Now, however, let us proceed to look at the jailor's faith. “And,” says the Scripture, “he called for lights and sprang in, and trembling for fear fell down before Paul and Silas, and brought them out, and said, Sirs, what must I do to be saved?” He grasped fire and sword, and cried, “Sirs, what must I do to be saved?” “And they said, Believe on the Lord Jesus Christ, and you shall be saved, you and your house.” “This is not the act of sorcerers,” he would say, “to deliver a doctrine like this. No mention any where here of an evil spirit.” You see how worthy he was to be saved: for when he beheld the miracle, and was relieved from his terror, he did not forget what most concerned him, but even in the midst of so great peril, he was solicitous about that salvation which concerned his soul: and came before them in such a manner as it was meet to come before teachers: he fell down at their feet. “And they spoke,” it continues, “the word of the Lord, unto him with all that were in his house. And he took them the same hour of the night, and washed their stripes; and was baptized, he and all his, immediately.” Observe the fervency of the man! He did not delay; he did not say, “Let day come, let us see, let us look about us;” but with great fervency, he was both himself baptized, and all his house. Yes, not like most men now-a-days, who suffer both servants and wives and children to go unbaptized. Be, I beseech you, like the jailor. I say not, in authority, but in purpose; for what is the benefit of authority, where purpose is weak? The savage one, the inhuman one, who lived in the practice of unnumbered wrongs and made this his constant study, has become all at once so humane, so tenderly attentive. “He washed,” it is said, “their stripes.”

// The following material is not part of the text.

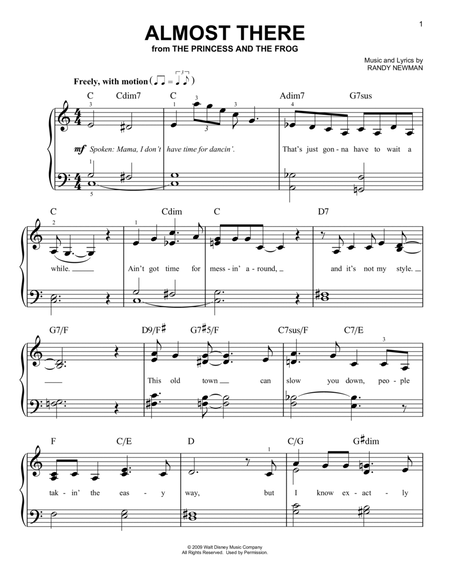 Almost There by Anika Noni Rose Easy Piano - Digital Sheet Music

And mark, on the other hand, the fervency of Paul also. Bound, scourged, thus he preached the Gospel. Oh, that blessed chain, with how great travail did it travail that night, what children did it bring forth! Yea of them too may he say, “Whom I have begotten in my bonds.” Mark thou, how he glories, and will have the children thus begotten, to be on that account the more illustrious! Mark thou, how transcendant is the glory of those bonds, in that they give lustre not only to him that wore them, but also to them who were on that occasion begotten by him. They have some advantage, who were begotten in Paul's bonds, I say not in respect of grace, (for grace is one and the same,) nor in respect of remission, (for remission is one and the same to all,) but in that they are thus from the very outset taught to rejoice and to glory in such things. “The same hour of the night,” it is said, “he took them, and washed their stripes, and was baptized.”
And now then behold the fruit. He straightway recompensed them with his carnal things. “He brought them up into his house, and set meat before them, and rejoiced greatly with all his house, having believed in God.” For what was he not ready to do, now that by the opening of the prison doors, heaven itself was opened to him? He washed his teacher, he set food before him, and rejoiced. Paul's chain entered into the prison, and transformed all things there into a Church; it drew in its train the body of Christ, it prepared the spiritual feast, and travailed with that birth, at which Angels rejoice. And was it without reason then that I said that the prison was more glorious than Heaven? For it became a source of joy there; yes, if “there is joy in Heaven over one sinner that repents,” if, “where two or three are gathered together in His Name, there is Christ in the midst of them;” how much more, where Paul and Silas, and the jailor and all his house were, and faith so earnest as theirs! Observe the intense earnestness of their faith.